JOIN NIXON'S ARMY, YOU FUCKING LOCUSTS.
I only listen to one type of music and that's by the band named "FUCK AFRICA." I mean what is this Live8 shit, we give billions and billions to those craws across the Atlantic every year so they can play hopscotch and shit bullets at each other. WELL NOT ANYMORE, BECAUSE JOHN R. BOLTON IS IN THE FUCKING HOUSE AND HE'S GOING TO GO GUERILLA FIGHTER ON YOUR INTERNATIONALIST ASS. TAKE THAT AFRICA.
What's that one movie where the communists invade the US and Patrick Swayze and Charlie Sheen are out conducting guerilla strikes against them? Oh yeah, it's called Red Dawn. I FUCKING LOVE THAT MOVIE!

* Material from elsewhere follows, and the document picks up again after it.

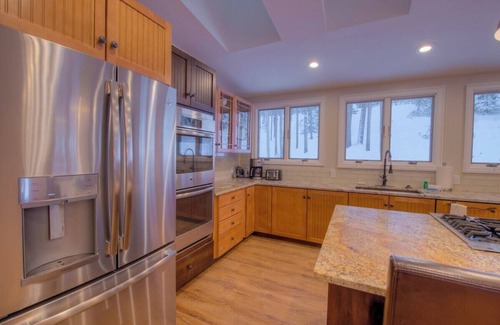 Breckenridge Heights House | Large mtn home with 14 beds Minutes to Main Street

I don't have much time to watch TV because I'm breaking necks and throwing ninja stars at those UN fucknuts 20 hours a day.
Hey I got a good book coming out soon it's called "The Bolton Plan: FUCK CHINESE ABORTION." Everyday something like 12 million unborn kids are killed by those Red bastards, and if they don't stop soon, I'm going to pie Jiang Zemin in the face at the next UNSC meeting and then urinate on his aides while dancing to Neil Diamond.
JOE FUCKING MCCARTHY OF COURSE! Reagan was a badass too, but nobody beats Gregory Peck. "On the Beach" is an awesome movie, because basically it's about America shitting all over the Soviet Union after a nuclear war. FUCK THOSE COMMUNIST ASSHOLES!